I find Fritzing very functional for Arduino-based prototyping.
I see that it misses STM32 related parts.
In the preinstalled library of Fritzing 0.9.6 2021-02-21(Ubuntu, flaptak) I see that only Nucleo-64 exists, it is named STM32_Nucleo_board.fzp.
I see a draft of Nucleo-144 at NUCLEO Card H755ZI-Q (MB1363 reference board). @daiman, do you have any updates on the model?
Also I see a good variant of Nucleo-32 at GitHub .
Do we have somewhere stable and verified fzp/fzpz model files for Nucleo-144, MB1137 reference board?
It doesn’t appear so. As noted in the post the Carte NUCLEO H755ZI-Q.fzpz isn’t actually a Fritzing part as it lacks the connectors. It is possible to turn it in to a Fritzing part if there is interest however.
Here is a part for the Nucleo-144, MB1137. PCB only has the breakout pads (not the connectors) and some of the pin names may be wrong depending on what your solder bridges/jumpers are set to.
It is fantastic. Gigantic work done. Thanks!
I miss Arduino (middle headers) on PCB, but they will make Schematic not usable.
Not sure what is better - to have breakout pads (as you already done) and/or to have Arduino connectors added.
In breadboard and schematic all connectors are present, including the Arduino ones (that is why it is so large), it isn’t a problem to add the Arduino connectors to pcb, they just didn’t appear to be useful there.
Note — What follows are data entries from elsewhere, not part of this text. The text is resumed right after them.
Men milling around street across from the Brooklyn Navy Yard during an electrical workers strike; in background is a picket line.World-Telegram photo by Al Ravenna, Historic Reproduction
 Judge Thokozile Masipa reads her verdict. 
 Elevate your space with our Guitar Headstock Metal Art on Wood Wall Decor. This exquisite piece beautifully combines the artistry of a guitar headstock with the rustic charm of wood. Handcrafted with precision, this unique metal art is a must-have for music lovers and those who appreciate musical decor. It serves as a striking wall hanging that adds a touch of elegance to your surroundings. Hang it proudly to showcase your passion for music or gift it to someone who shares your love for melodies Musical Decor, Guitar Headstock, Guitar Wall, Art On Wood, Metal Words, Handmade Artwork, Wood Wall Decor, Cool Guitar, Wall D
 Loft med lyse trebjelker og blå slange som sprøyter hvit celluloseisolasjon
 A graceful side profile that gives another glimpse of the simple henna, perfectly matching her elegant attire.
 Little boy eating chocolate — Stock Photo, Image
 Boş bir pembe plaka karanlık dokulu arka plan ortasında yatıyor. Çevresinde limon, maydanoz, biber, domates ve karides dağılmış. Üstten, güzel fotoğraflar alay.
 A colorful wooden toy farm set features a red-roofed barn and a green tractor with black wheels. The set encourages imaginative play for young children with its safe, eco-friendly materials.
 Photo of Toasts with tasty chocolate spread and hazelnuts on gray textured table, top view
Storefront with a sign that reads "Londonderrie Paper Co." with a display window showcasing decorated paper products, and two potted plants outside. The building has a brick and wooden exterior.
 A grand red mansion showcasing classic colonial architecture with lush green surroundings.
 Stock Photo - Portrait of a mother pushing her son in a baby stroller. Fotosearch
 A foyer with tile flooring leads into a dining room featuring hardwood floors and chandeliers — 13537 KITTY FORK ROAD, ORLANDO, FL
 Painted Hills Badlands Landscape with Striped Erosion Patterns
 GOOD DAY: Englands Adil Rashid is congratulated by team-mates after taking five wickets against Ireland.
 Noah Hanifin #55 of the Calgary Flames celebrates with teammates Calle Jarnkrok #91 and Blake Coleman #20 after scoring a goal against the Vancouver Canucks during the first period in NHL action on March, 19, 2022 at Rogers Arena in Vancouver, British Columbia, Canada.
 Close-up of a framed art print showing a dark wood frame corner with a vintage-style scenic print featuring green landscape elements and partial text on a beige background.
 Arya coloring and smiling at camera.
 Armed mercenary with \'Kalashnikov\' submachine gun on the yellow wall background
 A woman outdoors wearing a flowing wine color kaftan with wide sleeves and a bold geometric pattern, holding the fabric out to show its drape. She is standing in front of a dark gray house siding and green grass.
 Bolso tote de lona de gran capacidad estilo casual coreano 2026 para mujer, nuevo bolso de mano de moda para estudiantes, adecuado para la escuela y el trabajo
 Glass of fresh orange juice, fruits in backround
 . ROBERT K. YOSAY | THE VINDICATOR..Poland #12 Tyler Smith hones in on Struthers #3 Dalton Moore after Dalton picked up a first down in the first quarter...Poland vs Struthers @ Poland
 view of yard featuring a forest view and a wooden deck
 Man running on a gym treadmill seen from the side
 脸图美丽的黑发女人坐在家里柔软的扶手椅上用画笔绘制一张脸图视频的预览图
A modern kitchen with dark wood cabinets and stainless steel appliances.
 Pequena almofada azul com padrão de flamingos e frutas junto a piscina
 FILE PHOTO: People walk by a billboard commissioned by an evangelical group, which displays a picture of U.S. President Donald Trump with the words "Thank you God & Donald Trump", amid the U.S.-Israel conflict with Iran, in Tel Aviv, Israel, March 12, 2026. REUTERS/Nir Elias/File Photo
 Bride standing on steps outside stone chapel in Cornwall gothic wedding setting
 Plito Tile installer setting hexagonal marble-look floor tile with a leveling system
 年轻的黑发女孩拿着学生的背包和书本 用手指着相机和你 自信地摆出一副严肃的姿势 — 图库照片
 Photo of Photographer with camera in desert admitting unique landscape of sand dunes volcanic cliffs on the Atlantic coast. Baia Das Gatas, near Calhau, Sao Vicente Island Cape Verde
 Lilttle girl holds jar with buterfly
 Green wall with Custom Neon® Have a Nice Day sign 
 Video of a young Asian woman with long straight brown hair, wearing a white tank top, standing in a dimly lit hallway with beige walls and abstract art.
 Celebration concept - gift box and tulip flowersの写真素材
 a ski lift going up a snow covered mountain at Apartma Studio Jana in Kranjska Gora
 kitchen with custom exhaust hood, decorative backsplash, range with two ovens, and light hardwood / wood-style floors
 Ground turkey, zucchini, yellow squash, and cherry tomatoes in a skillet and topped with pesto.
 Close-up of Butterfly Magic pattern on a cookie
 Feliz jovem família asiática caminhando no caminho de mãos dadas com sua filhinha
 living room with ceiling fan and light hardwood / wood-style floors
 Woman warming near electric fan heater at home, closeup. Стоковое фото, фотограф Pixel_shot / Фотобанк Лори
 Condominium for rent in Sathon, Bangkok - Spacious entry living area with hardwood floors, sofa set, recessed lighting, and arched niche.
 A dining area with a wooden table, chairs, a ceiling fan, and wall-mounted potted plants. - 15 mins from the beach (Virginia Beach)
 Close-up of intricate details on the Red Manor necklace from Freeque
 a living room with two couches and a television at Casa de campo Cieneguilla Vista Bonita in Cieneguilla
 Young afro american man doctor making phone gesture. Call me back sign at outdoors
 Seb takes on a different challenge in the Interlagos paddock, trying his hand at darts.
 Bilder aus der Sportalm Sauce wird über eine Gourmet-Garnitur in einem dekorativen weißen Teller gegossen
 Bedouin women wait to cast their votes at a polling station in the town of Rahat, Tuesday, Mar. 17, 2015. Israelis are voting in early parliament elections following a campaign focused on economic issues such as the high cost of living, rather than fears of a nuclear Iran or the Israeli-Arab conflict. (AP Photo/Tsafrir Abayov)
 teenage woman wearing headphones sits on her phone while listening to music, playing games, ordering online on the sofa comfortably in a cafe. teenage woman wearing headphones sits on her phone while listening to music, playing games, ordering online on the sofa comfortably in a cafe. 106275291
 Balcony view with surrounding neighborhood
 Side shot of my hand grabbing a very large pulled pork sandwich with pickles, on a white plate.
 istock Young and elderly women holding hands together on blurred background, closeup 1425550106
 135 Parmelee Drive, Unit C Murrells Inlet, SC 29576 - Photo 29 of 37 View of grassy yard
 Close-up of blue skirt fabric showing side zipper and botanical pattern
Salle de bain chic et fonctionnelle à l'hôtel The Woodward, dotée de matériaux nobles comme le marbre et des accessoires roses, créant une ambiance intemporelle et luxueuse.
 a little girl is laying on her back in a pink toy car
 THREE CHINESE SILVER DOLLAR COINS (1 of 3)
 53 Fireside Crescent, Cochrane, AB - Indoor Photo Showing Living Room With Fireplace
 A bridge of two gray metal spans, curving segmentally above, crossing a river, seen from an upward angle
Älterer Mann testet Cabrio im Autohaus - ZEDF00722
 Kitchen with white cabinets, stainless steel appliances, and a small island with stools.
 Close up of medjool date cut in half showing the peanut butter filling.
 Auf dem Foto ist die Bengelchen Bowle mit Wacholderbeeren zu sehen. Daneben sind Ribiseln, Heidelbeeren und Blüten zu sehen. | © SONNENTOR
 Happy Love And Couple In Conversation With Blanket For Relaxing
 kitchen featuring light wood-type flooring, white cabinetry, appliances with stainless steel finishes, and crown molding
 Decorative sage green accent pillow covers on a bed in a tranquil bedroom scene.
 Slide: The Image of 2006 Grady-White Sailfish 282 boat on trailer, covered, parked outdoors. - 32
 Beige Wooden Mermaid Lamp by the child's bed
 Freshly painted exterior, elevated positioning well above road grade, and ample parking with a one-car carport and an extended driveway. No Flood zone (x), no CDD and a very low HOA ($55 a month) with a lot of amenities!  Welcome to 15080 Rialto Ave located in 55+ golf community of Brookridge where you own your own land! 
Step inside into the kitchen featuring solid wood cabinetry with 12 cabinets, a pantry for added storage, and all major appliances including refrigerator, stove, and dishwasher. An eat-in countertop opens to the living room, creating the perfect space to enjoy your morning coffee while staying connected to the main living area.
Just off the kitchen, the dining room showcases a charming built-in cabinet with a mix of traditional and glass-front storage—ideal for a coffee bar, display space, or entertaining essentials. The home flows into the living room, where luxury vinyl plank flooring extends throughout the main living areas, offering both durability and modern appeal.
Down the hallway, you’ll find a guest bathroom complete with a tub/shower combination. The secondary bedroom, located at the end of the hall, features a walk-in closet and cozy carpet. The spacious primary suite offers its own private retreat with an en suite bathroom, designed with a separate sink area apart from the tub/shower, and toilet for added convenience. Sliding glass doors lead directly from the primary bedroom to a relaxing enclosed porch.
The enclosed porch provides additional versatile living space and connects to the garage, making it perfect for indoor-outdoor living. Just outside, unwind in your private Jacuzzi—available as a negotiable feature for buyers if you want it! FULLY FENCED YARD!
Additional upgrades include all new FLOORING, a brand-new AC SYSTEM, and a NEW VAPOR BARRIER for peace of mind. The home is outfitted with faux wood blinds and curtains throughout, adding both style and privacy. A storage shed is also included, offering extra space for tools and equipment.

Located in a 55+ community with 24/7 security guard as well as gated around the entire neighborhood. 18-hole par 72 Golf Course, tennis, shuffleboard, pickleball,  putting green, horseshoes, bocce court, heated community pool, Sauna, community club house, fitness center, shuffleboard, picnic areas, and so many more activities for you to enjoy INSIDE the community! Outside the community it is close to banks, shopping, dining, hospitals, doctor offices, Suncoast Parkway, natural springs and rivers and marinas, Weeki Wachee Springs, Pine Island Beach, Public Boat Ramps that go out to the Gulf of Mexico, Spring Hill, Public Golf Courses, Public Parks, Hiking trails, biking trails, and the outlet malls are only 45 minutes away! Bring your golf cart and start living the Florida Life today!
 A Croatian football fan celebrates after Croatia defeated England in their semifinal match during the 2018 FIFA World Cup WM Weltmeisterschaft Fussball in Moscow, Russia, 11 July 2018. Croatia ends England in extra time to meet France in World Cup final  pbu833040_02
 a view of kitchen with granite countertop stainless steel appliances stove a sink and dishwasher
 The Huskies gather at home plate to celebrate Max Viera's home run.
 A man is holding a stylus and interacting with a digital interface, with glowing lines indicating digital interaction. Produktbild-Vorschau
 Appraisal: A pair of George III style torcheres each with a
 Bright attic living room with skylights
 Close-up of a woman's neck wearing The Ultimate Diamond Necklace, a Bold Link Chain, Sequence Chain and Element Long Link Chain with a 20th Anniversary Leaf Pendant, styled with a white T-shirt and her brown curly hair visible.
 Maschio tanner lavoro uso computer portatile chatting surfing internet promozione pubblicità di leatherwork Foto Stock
You could (although I’m not sure why you would want to) attach the board to a pcb via the breakout connectors, as they are pads without connectors and you could solder headers in to them to attach the board to the pcb (I almost suppressed pcb completely but for that projected use!) You can’t do that with the Arduino pins because they are in female headers, you would have to desolder the connectors and that seems unlikely to be successful.